Most data manipulation is currently performed using either spreadsheets or data analysis programming toolkits like R or Python. Part of the motivation for my new tool, Columnal, was seeing data analysts struggle with the two – wanting to create more advanced spreadsheets than the software easily supported, but struggling when trying to implement the same analysis using text-based-programming. Below are what I think are some of the shortcomings of the existing solutions and how they can be overcome.
The drawbacks of spreadsheets
Spreadsheets are incredibly flexible and approachable for beginners, but they can get frustrating for processing data sets because:
It's easy to apply a formula to the wrong cell range (or forget to update existing ranges when you add cells), because conceptually you have a data table, but the software does not have "table" as a core part of its design. Have you ever discovered a SUM() calculation that is out of date because of new rows you added?
Some more advanced operations are very difficult in spreadsheets. For example: joining two tables by a common column, filtering rows, sorting are either difficult or involve destructive updates. Have you ever sorted a table then later, when it is too late, wanted to "unsort" it?
Spreadsheets are sparse in their features when viewed as programming interfaces. Modern programming tools have features like rich auto-complete, refactorings, quick-fixes, but spreadsheets tend not to to provide many of these. Have you ever been told there is a syntax mistake in your formula but been given no guidance on fixing it?
Spreadsheets are a little too flexible. There are many cases of spreadsheets mangling gene names unexpected into a different type, and other issues caused by implicit conversion. Have you ever had a spreadsheet think that a number is a date, or vice versa?
The drawbacks of text programming
Text-based programming is incredibly flexible in its capabilities, and is very powerful. However, it can be quite unapproachable for those who are unfamiliar with it or who only need it occasionally because:
Text-based programming relies on a lot of memorisation. You need to know the syntax – and without good autocomplete, also the names of all the packages and functions within those packages. This creates a barrier to entry and makes it frustrating to program intermittently. Have you ever needed to write a script but had to start by googling for all the code fragments you need?
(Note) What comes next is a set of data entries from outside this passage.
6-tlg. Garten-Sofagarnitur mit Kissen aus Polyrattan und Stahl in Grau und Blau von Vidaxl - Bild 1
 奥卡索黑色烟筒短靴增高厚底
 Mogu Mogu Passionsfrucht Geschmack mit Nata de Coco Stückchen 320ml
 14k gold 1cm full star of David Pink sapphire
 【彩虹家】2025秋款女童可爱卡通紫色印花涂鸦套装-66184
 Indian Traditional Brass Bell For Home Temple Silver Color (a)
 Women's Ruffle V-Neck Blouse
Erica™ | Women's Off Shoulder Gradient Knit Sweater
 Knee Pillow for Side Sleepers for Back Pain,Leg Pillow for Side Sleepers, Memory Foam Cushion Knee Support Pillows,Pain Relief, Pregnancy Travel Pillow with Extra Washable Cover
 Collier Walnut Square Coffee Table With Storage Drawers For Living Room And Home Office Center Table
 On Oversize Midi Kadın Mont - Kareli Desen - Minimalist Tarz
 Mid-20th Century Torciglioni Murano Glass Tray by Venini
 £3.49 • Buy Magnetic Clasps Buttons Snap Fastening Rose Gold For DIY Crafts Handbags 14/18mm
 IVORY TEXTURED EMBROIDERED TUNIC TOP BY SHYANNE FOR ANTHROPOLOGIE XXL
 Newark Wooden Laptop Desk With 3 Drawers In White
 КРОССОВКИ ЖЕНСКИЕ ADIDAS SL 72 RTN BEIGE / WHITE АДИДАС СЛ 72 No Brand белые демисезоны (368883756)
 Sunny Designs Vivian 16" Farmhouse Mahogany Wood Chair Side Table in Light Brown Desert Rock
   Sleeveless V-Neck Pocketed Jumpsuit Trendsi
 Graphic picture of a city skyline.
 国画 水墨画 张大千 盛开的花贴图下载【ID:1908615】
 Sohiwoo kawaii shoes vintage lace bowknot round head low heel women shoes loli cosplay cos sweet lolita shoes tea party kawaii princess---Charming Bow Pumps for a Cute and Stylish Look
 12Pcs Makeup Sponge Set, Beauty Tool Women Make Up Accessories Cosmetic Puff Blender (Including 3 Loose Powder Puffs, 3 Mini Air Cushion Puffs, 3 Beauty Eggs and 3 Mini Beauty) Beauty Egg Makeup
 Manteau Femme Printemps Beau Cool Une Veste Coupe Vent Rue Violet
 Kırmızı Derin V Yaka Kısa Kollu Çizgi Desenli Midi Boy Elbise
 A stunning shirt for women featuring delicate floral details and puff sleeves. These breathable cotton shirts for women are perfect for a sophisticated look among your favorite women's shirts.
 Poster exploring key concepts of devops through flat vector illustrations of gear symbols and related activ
To explore the data, many programming environments encourage running scripts by writing each new line in a live session. But this can make it hard to recreate the analysis and to track where each variable came from. Have you ever found the value that you want, and then had to search through your command history to try to recreate the chain of computations that produced the result?
Text programming systems often contain a lot of interconnected parts. Installing and maintaining a working installation of a programming language including all the libraries and environment variables can be painful, and this multiples when you have to make sure that multiple people working on a project all have the same set of versions.
My solution: Columnal
My core idea is to retain the approachability and user interface of spreadsheets while reining in their flexibility to prevent common mistakes and add the power that is usually reserved for text-based programming.
In Columnal, cells are grouped into tables. Tables can have multiple columns, but each column must be the same length and each column must have a consistent type. This immediately makes the design less flexible than spreadsheets, but it gives several advantages relative to spreadsheets, such as:
It's easy to apply whole-table transformations, such as sorting a table or filtering its rows. In spreadsheets it's really hard to do this without destroying the original table.
Producing a calculation for each row automatically extends to all rows (without risking missing one) and the formula does not need to be copied and pasted. Updating only involves updating one location, without having to copy and paste the changed formula again.
Being able to constrain a column's type avoids problems such as a date accidentally appearing in a numeric column, or a 2 in a column meant to be full of booleans.
Columnal has many more capabilities but these are a few key features enabled by the table-centric view. Columnal projects are a collection of data tables and transformations. The transformations remember their source and are always up-to-date so there is no need to worry about re-running analysis or tracking how a particular table was calculated.
In future posts I will dive further into the individual features of Columnal and how its design enables its core principle of avoiding mistakes while providing a lot of powerful operations to the user.